Module 2 tests the dual bispecific combination of REGN5668 plus ubamatamab in an ovarian cancer cohort. Sarilumab, an anti–IL-6 receptor monoclonal antibody used clinically for rheumatoid arthritis, is being administered as prophylaxis for potential CRS, a known on-target risk with T-cell–redirecting therapies.¹ Module 2 dose escalation has progressed through multiple dose levels, with enrollment ongoing.

Who is eligible? Key inclusion and exclusion criteria

Within the ovarian cancer cohort, eligible patients must have histologically or cytologically confirmed advanced epithelial ovarian cancer (excluding carcinosarcoma), primary peritoneal cancer, or fallopian tube cancer, with relapse or disease progression on or after their most recent line of therapy. Patients must have been treated with at least 1 prior line of platinum-based systemic therapy and have a serum CA-125 level of at least 2-times the upper limit of normal.
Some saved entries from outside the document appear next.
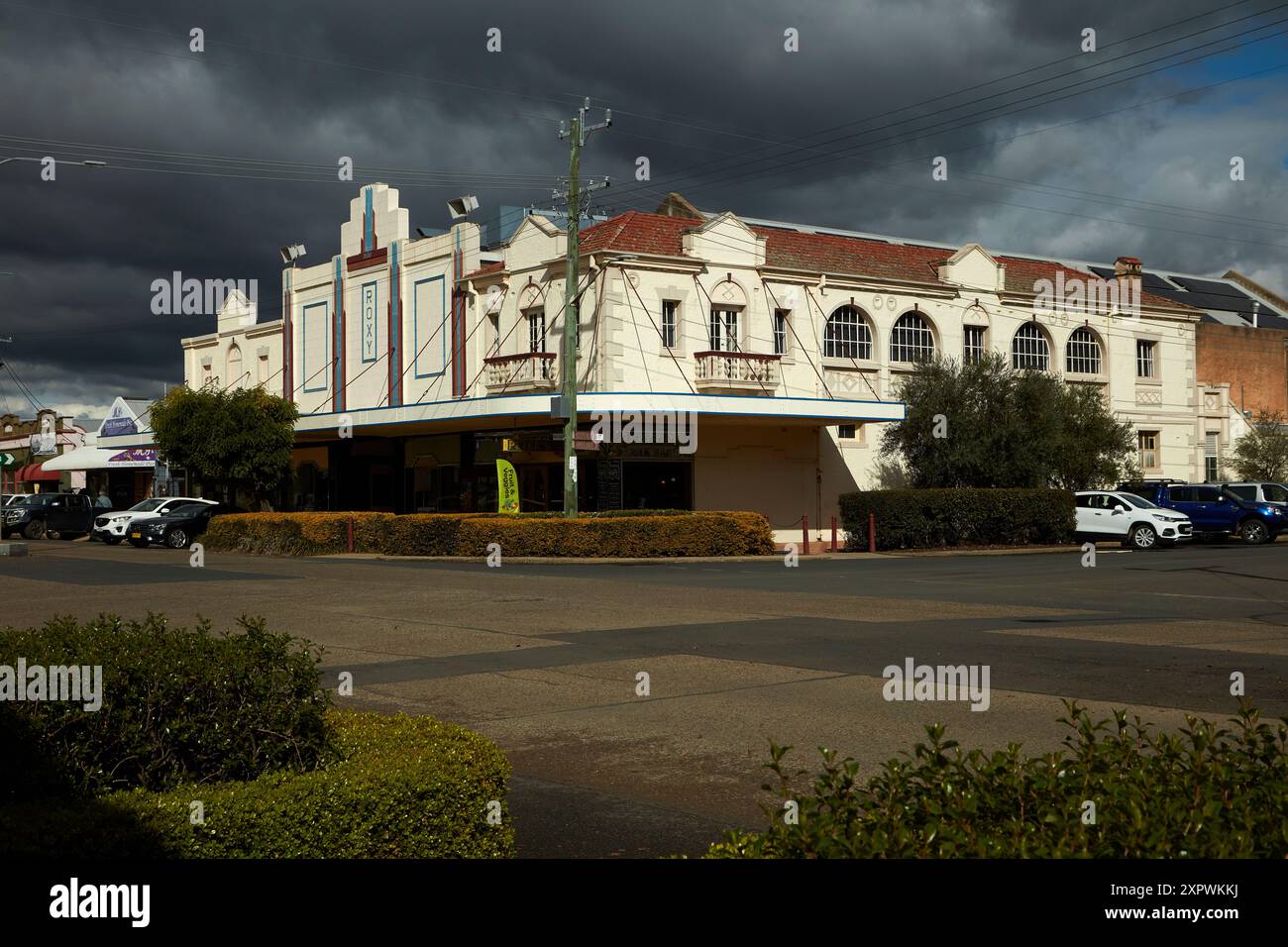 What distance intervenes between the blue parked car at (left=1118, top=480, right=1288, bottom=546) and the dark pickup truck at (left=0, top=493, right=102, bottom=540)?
127 feet

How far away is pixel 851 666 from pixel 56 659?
8.48m

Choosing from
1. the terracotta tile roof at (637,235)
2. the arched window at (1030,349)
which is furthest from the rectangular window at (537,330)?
the arched window at (1030,349)

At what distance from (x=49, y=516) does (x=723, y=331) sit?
2770 centimetres

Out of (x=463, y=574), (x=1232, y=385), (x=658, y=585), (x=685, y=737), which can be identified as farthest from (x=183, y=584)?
(x=1232, y=385)

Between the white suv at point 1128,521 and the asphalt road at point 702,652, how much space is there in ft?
27.3

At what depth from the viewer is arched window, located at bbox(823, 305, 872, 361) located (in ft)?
137

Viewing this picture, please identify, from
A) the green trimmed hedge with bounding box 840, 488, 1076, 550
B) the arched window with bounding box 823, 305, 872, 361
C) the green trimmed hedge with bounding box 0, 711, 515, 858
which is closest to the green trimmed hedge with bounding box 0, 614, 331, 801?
the green trimmed hedge with bounding box 0, 711, 515, 858

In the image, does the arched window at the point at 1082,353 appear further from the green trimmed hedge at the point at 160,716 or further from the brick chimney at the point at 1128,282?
the green trimmed hedge at the point at 160,716

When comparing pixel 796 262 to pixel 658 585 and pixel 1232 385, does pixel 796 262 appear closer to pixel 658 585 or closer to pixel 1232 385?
pixel 658 585

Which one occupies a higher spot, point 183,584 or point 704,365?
point 704,365

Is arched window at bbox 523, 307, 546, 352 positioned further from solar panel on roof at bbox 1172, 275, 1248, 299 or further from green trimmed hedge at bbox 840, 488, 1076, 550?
solar panel on roof at bbox 1172, 275, 1248, 299

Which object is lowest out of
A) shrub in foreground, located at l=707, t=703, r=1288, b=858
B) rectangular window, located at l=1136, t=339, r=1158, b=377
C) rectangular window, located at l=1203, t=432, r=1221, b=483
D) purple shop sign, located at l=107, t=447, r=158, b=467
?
shrub in foreground, located at l=707, t=703, r=1288, b=858

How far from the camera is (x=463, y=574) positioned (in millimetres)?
25656

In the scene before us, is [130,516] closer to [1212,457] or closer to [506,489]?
[506,489] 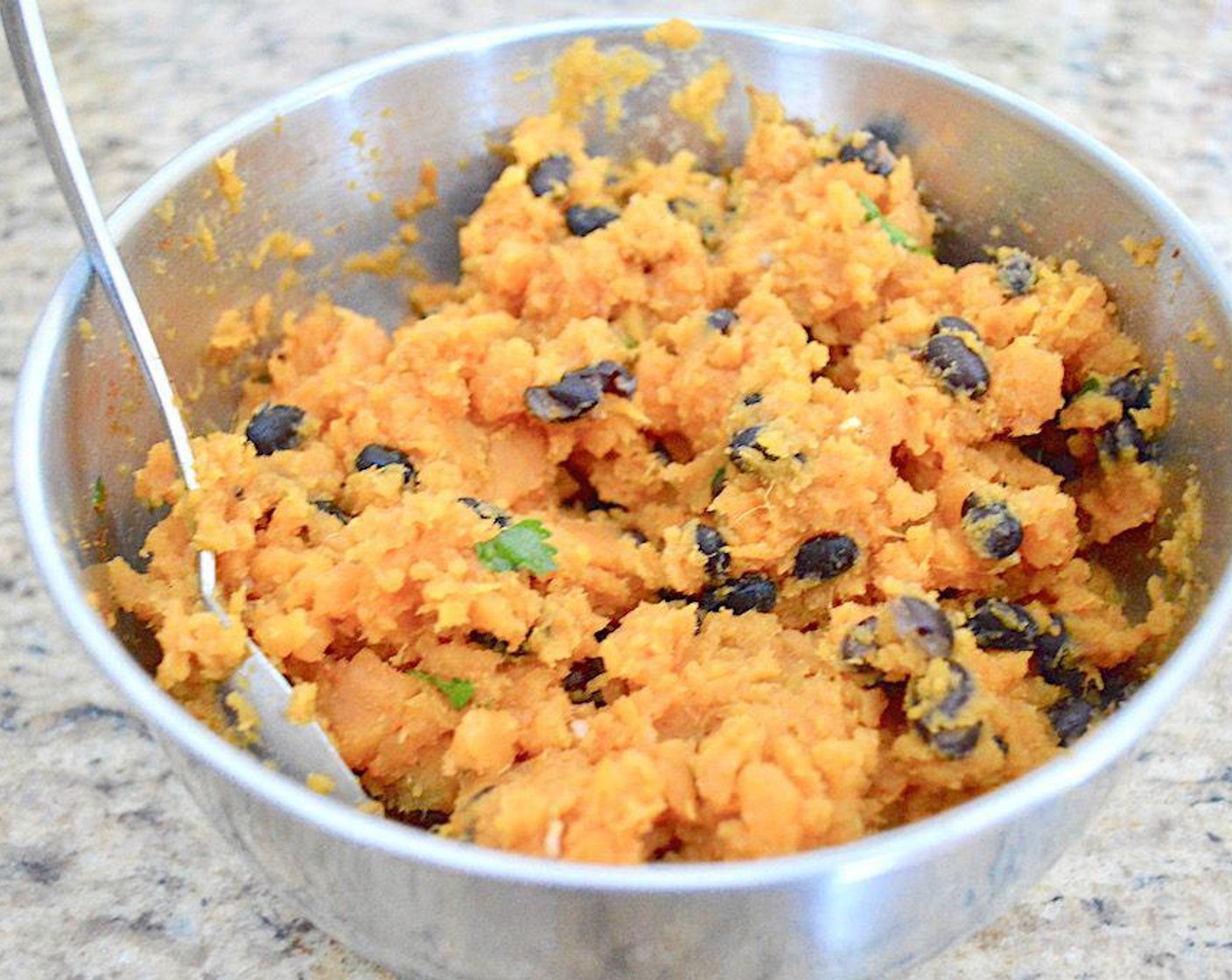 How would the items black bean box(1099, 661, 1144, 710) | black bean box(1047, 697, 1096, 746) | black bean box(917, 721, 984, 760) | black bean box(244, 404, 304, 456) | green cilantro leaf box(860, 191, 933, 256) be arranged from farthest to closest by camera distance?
green cilantro leaf box(860, 191, 933, 256) → black bean box(244, 404, 304, 456) → black bean box(1099, 661, 1144, 710) → black bean box(1047, 697, 1096, 746) → black bean box(917, 721, 984, 760)

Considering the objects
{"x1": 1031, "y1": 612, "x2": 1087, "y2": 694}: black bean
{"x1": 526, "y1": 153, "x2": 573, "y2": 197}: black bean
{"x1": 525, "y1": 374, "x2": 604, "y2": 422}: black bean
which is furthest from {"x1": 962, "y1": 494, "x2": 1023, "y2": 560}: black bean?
{"x1": 526, "y1": 153, "x2": 573, "y2": 197}: black bean

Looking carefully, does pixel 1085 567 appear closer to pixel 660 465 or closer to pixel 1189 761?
pixel 1189 761

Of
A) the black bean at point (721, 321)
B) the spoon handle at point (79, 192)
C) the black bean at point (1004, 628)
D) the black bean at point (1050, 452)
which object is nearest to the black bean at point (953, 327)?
the black bean at point (1050, 452)

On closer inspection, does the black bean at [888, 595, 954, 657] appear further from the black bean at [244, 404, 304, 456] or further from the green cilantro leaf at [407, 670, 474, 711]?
the black bean at [244, 404, 304, 456]

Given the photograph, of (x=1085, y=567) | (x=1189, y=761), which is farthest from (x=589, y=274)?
(x=1189, y=761)

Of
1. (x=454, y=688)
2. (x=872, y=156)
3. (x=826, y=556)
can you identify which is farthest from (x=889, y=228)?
(x=454, y=688)

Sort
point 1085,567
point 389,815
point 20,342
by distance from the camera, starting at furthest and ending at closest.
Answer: point 20,342, point 1085,567, point 389,815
For the endometrial cancer cohort, patients must have histologically confirmed disease with disease progression or recurrence after anti–PD-1 therapy and platinum-based chemotherapy, with exposure to no more than 4 prior lines of systemic therapy. At least 25% of tumor cells must be MUC16 positive, ensuring that patients enrolled on this arm have tumors with meaningful target expression. All patients must have an ECOG performance status of 0 or 1, a life expectancy of at least 3 months, and in the expansion cohorts at least 1 lesion measurable by RECIST 1.1 criteria.

Key exclusion criteria are broadly consistent with other immunotherapy trials in this space, ruling out patients with untreated or active CNS malignancies or metastases, recent significant autoimmune disease requiring systemic immunosuppressive treatment, prior treatment with a MUC16-targeted therapy, receipt of more than 5 prior lines of systemic therapy in the ovarian cancer cohort, and conditions requiring ongoing corticosteroid therapy within one week prior to study drug administration.

End points: what is the trial measuring?

Module 1’s primary end point is objective response rate (ORR) per RECIST 1.1 criteria. Secondary end points include best overall response (BOR), duration of response (DOR), disease control rate (DCR), and progression-free survival (PFS) per RECIST 1.1 criteria, comprehensive safety outcomes including the incidence of treatment-emergent adverse effects (TEAEs), serious AEs, and deaths, grade 3 or greater laboratory abnormalities, CA-125 change from baseline, serum REGN5668 concentration over time, and the presence or absence of anti-drug antibodies against REGN5668, cemiplimab, or fianlimab.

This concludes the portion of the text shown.